(Crawled caption data)
══════

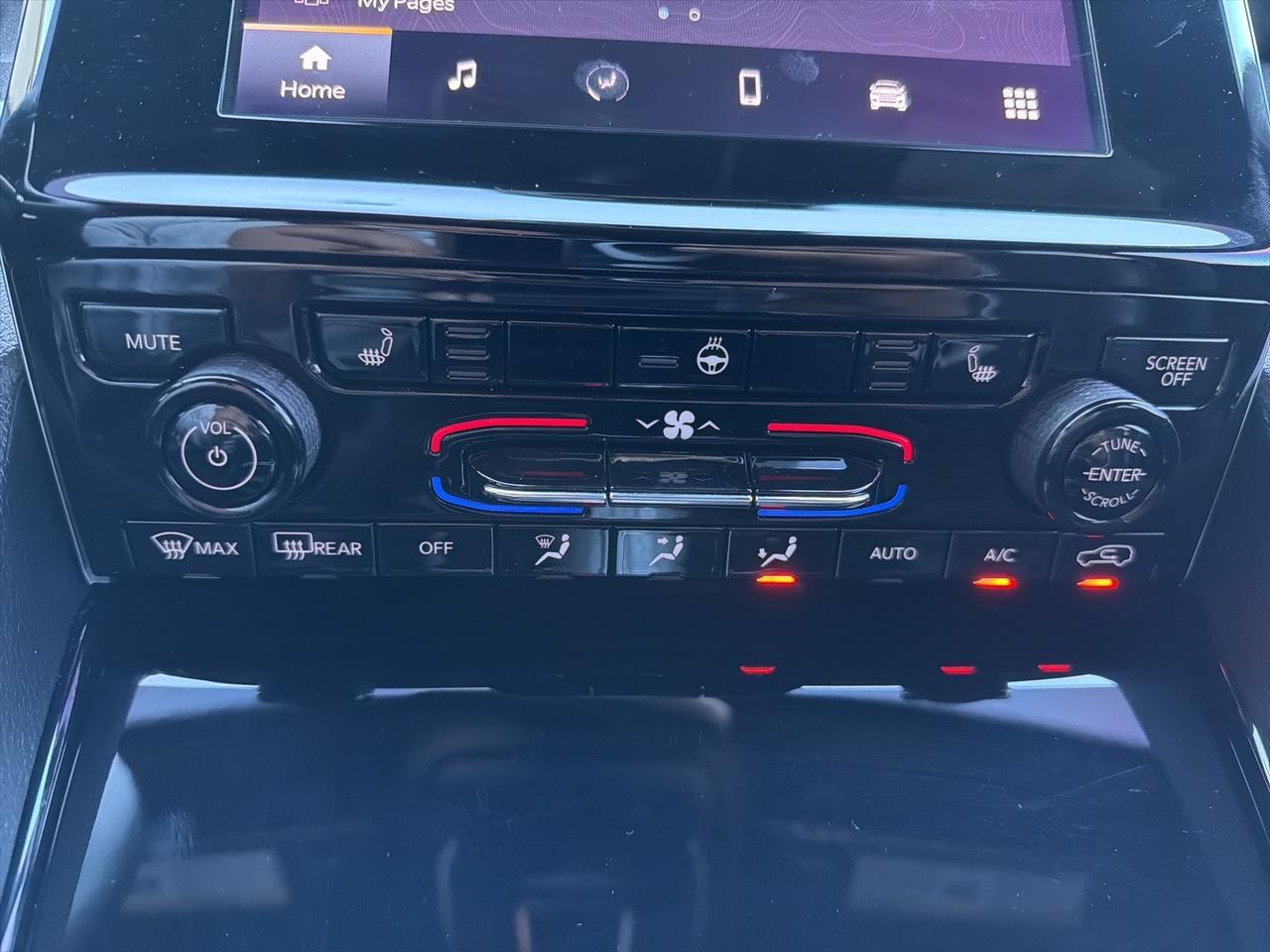 2022 Jeep Grand Cherokee Altitude Ashland VA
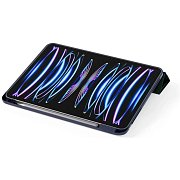 Flip Case iPad 10,9 (2022)/11 A16 blue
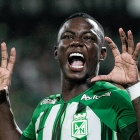 El nuevo comentario de Hinestroza que revolucionó a todo Boca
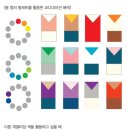 나만의 퍼스널 컬러 티스토리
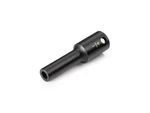 Tekton 3/8 Inch Drive X 1/4 Deep 6-point Impact Socket Sid13006 6.35 Mm. Fixed Price $10.95.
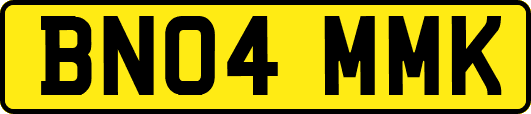 BN04MMK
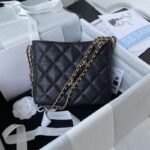 Chanel 425 - 图片 2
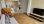 One-bedroom apartment in Vineyards
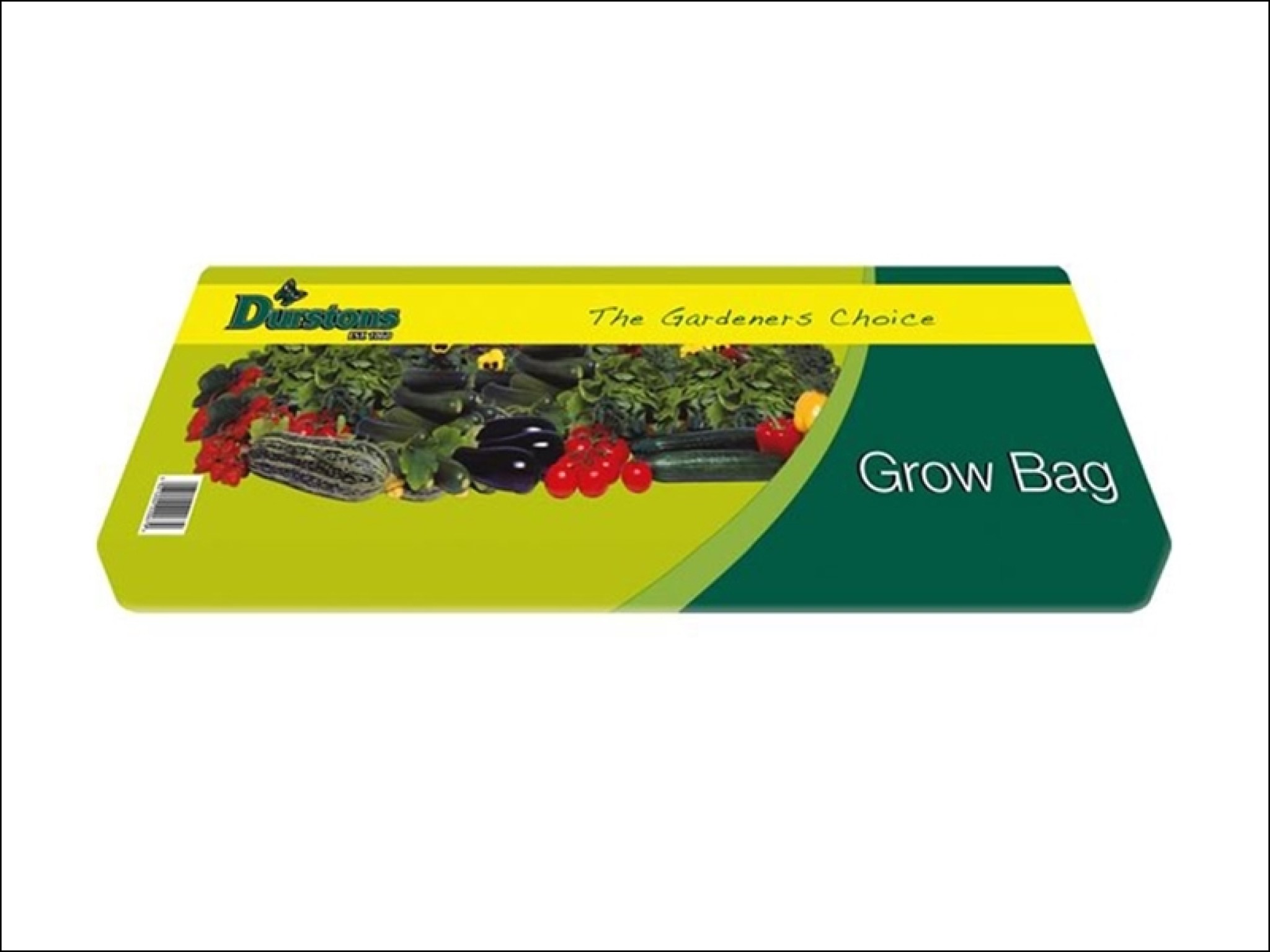 Durston Westland Grow Bag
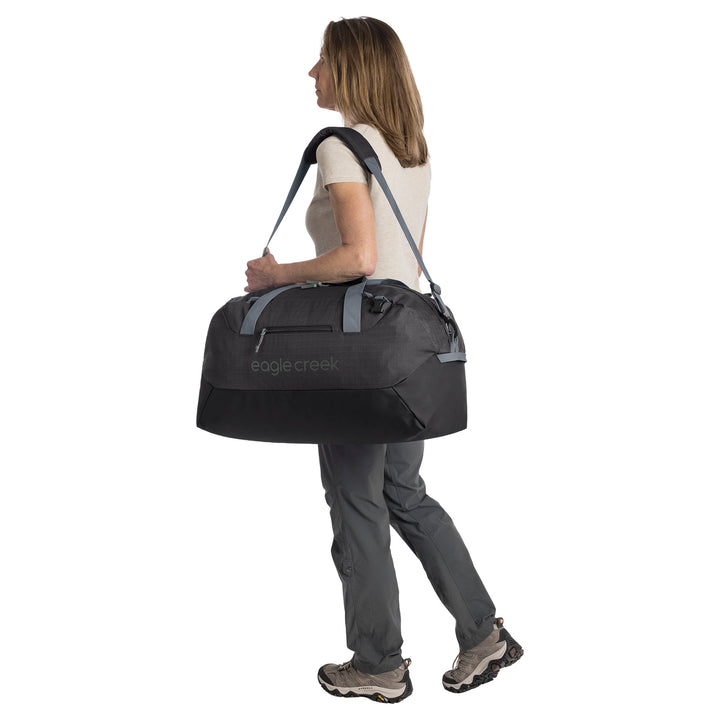 Eagle Creek No Matter What 40L Duffel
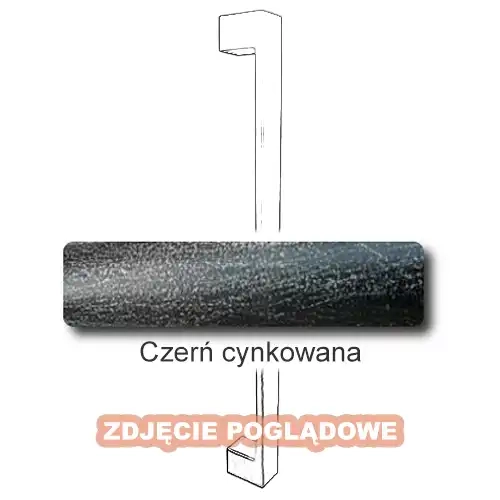 3Czerń cynkowana.webp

══════

● WHAT IS EXPECTED
All entries above must be printed again verbatim, with images excluded.

● ANSWER BOX
 2022 Jeep Grand Cherokee Altitude Ashland VA
 Flip Case iPad 10,9 (2022)/11 A16 blue
 El nuevo comentario de Hinestroza que revolucionó a todo Boca
 나만의 퍼스널 컬러 티스토리
 Tekton 3/8 Inch Drive X 1/4 Deep 6-point Impact Socket Sid13006 6.35 Mm. Fixed Price $10.95.
 BN04MMK
 Chanel 425 - 图片 2
 One-bedroom apartment in Vineyards
 Durston Westland Grow Bag
 Eagle Creek No Matter What 40L Duffel
 3Czerń cynkowana.webp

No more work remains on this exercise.